* PROBLEM TO WORK ON: Transcribe exactly the lines from the one holding "this 845×633 image." through the closing line of the entries below. Pictures stay out of the copy.

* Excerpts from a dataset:
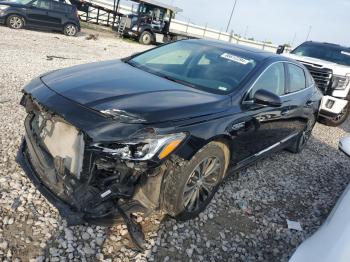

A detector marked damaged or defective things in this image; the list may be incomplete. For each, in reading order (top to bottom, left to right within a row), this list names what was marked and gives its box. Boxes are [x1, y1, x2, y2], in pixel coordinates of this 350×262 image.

dented hood [40, 59, 230, 123]
broken headlight [332, 74, 348, 90]
broken headlight [92, 132, 186, 161]
damaged black car [16, 39, 322, 248]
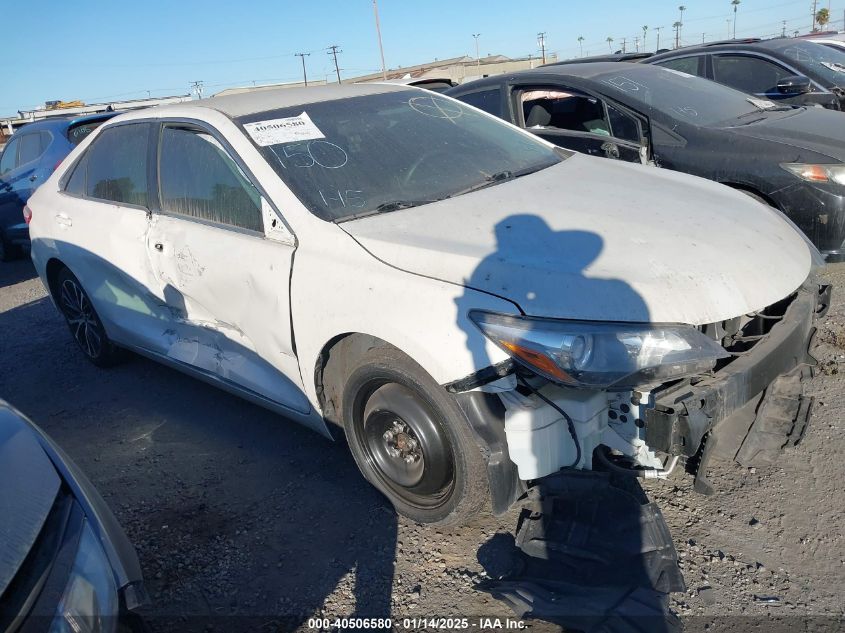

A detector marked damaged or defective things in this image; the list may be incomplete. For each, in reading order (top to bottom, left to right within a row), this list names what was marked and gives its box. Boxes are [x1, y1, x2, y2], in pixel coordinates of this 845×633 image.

damaged white sedan [28, 84, 832, 524]
crumpled front bumper [644, 274, 828, 492]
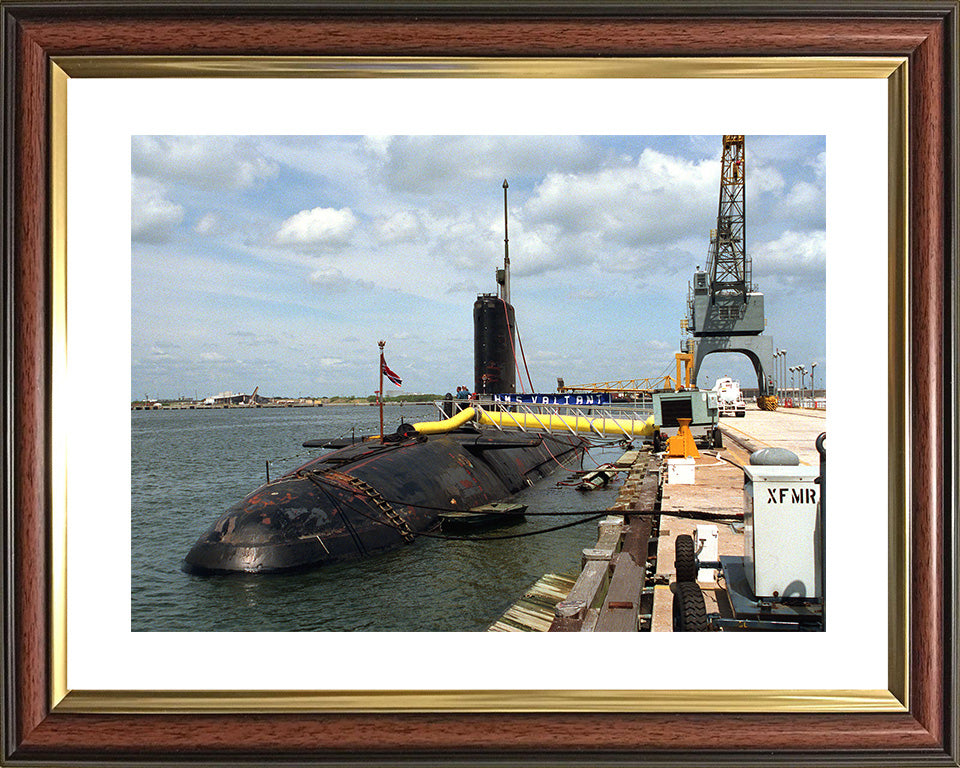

* WRITTEN SOLUTION:
A detector marked damaged or defective things in this image; the list may be incomplete. For each, in reading order (top to bottom, left to right within a row), this list names what was marked and gives its box. Boxes are [x1, y1, x2, y2], in pixel coordinates of this 845×633 image.

damaged white sedan [28, 84, 832, 524]
crumpled front bumper [644, 274, 828, 492]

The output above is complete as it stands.